The lines from the one containing "Зачем вообще русские летят в Намибию?" through the final line of the listing below are what the answer must repeat, exactly and only, leaving pictures out.

Data shown:
**********

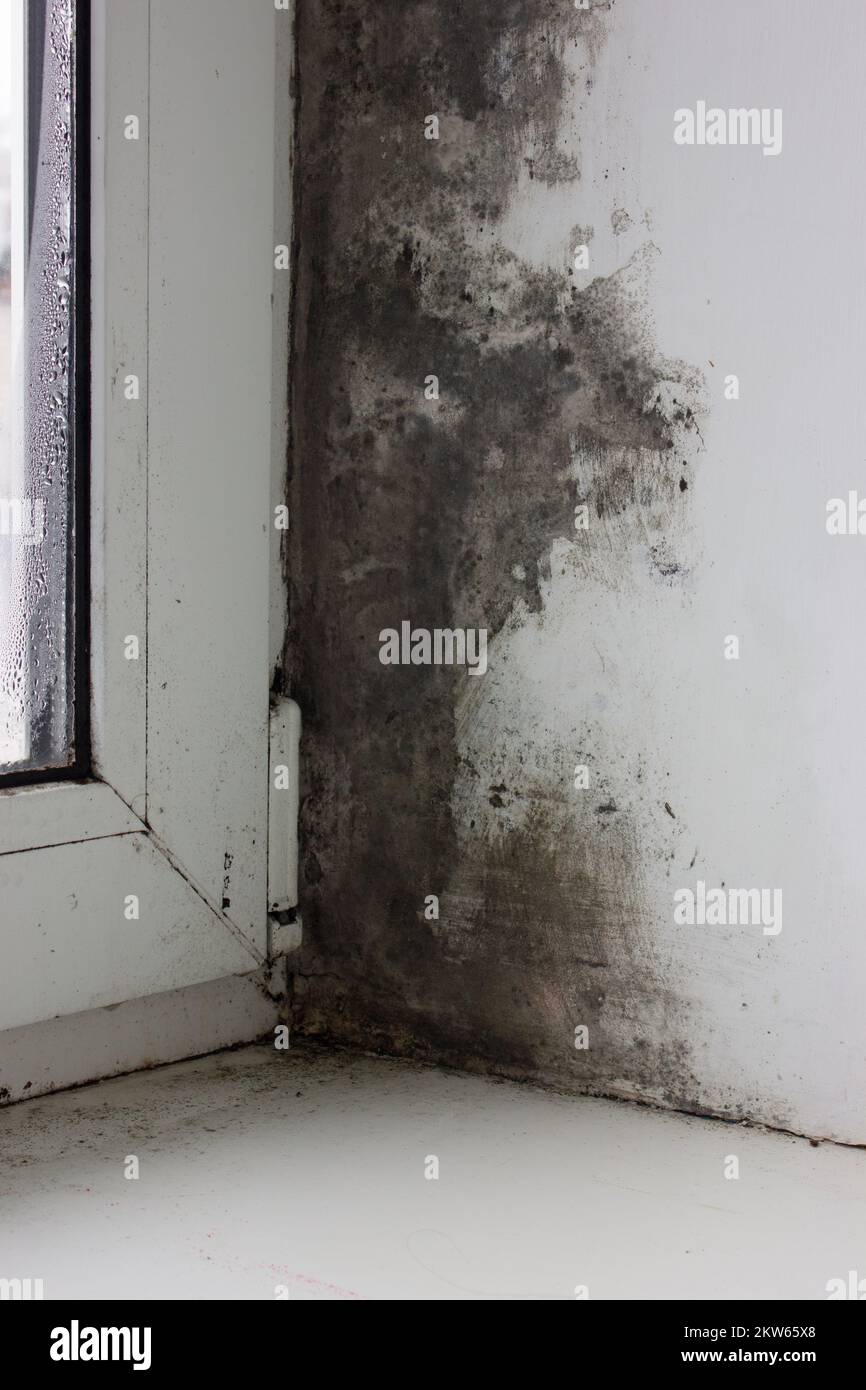 Schwarzer Schimmel und Pilz an der Wand in der Nähe des Fensters. Das Problem der Belüftung, Feuchtigkeit, Kälte in der Wohnung. Stockfoto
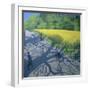 Cyclists and Yellow Field, Kedleston, Derby-Andrew Macara-Framed Giclee Print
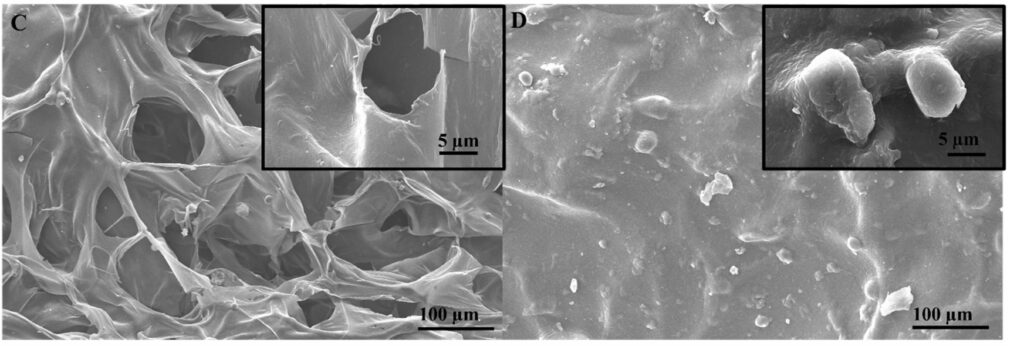 Figure 2: SEM images showing porous scaffold structure (C) and lawsone incorporation (D)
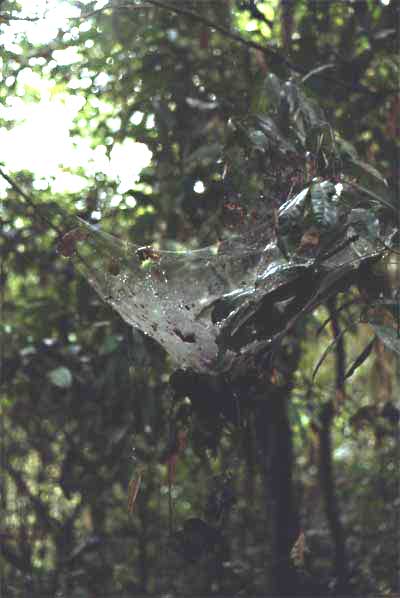 communal spider web photo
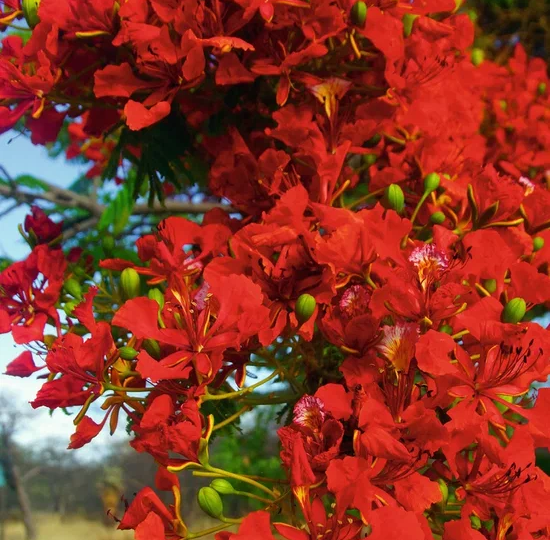 Зачем вообще русские летят в Намибию?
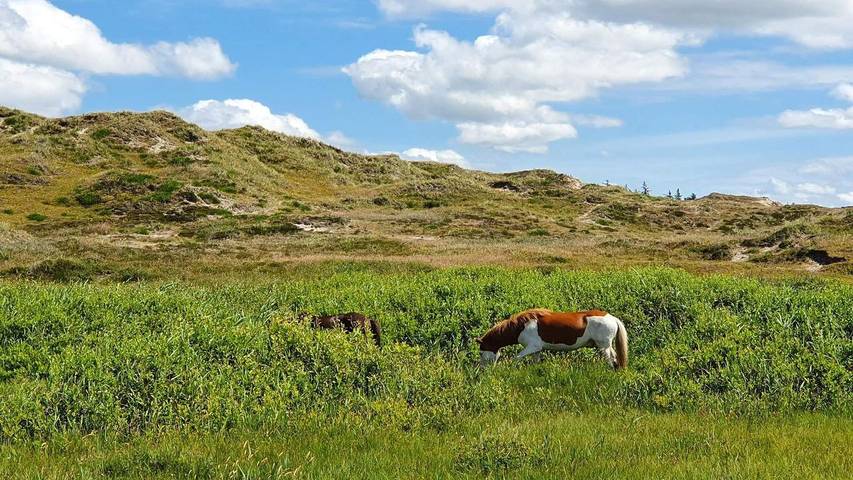 Ferienhaus für 11 Personen, mit Sauna und Pool sowie Terrasse, mit Haustier in Henne Strand - 3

**********

Exercise result:
 Зачем вообще русские летят в Намибию?
 Ferienhaus für 11 Personen, mit Sauna und Pool sowie Terrasse, mit Haustier in Henne Strand - 3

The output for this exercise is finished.